Summary
In Rubenstein v. Cohen (138 Misc. 305, 306) defendant's motion to consolidate a nonjury case with a jury case was denied because "defendant may not consolidate a jury case with a non-jury case and have the consolidated action tried before a jury, because such a procedure would result in the trial of two cases before a jury upon the payment of only one jury fee."
Summary of this case from Parsoff v. Brogrand Realty Corp.Opinion
November 6, 1930.
Appeal from the Municipal Court.
Slade Ohringer, for the plaintiff.
Israel Grunstein, for the defendant.
The defendant, the moving party herein, is being sued by this plaintiff in two actions in this court. Both actions are for rent, and are based on a similar state of facts, but involve different months, and were commenced at different times.
By this motion the defendant seeks one of two alternative forms of relief with respect to the action first commenced. In that action the defendant failed to demand a jury, and now moves to consolidate it with the action subsequently commenced, wherein the defendant is entitled to a jury trial. This court holds, in accordance with the views it expressed upon the argument of the motion, that the defendant may not consolidate a jury case with a non-jury case and have the consolidated action tried before a jury, because such a procedure would result in the trial of two cases before a jury upon the payment of only one jury fee.
The defendant, however, presses its demand for the alternative relief, namely, that the action first commenced be transferred to the Municipal Court, Fourth District, Borough of Brooklyn, on the ground that plaintiff is a non-resident and defendant resides in the borough of Brooklyn.

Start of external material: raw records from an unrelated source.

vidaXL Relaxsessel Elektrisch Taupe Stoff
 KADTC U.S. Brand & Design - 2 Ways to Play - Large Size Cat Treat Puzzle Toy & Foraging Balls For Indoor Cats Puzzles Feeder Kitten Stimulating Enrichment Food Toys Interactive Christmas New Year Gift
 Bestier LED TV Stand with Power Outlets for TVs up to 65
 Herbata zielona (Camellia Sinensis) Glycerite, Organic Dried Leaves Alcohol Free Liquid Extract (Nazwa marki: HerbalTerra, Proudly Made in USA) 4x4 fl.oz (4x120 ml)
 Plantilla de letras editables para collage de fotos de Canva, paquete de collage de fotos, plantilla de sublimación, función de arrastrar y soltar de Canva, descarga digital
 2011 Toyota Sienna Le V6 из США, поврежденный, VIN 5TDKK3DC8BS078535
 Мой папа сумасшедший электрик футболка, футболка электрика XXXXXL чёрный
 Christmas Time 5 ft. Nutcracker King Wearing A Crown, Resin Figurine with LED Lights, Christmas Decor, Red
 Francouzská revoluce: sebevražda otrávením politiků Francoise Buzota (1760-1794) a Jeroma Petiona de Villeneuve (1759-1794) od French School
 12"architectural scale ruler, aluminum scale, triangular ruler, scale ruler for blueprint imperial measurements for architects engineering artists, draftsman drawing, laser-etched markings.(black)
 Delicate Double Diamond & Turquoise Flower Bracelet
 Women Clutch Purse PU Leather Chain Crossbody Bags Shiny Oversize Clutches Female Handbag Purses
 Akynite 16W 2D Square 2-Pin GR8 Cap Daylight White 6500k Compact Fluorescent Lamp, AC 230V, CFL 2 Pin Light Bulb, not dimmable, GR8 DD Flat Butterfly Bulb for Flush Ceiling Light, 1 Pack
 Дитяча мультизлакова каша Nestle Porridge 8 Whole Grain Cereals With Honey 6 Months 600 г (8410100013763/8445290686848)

The plaintiff objects upon the ground that defendant failed to move for a change of venue within ten days after the service of a demand therefor, as required by rule 146 of the Rules of Civil Practice.
Inasmuch as the Municipal Court Code does not limit the time for moving for a change of venue after timely service of a demand for such change, I hold that rule 146 is applicable. It is urged by defendant that this rule is not mandatory, but is discretionary with the court. Whether or not it is discretionary need not now be decided, because even if the application of the rule were discretionary, the fact that defendant made no motion until nearly five months after his demand would deprive him of the right to favorable consideration. Motion denied.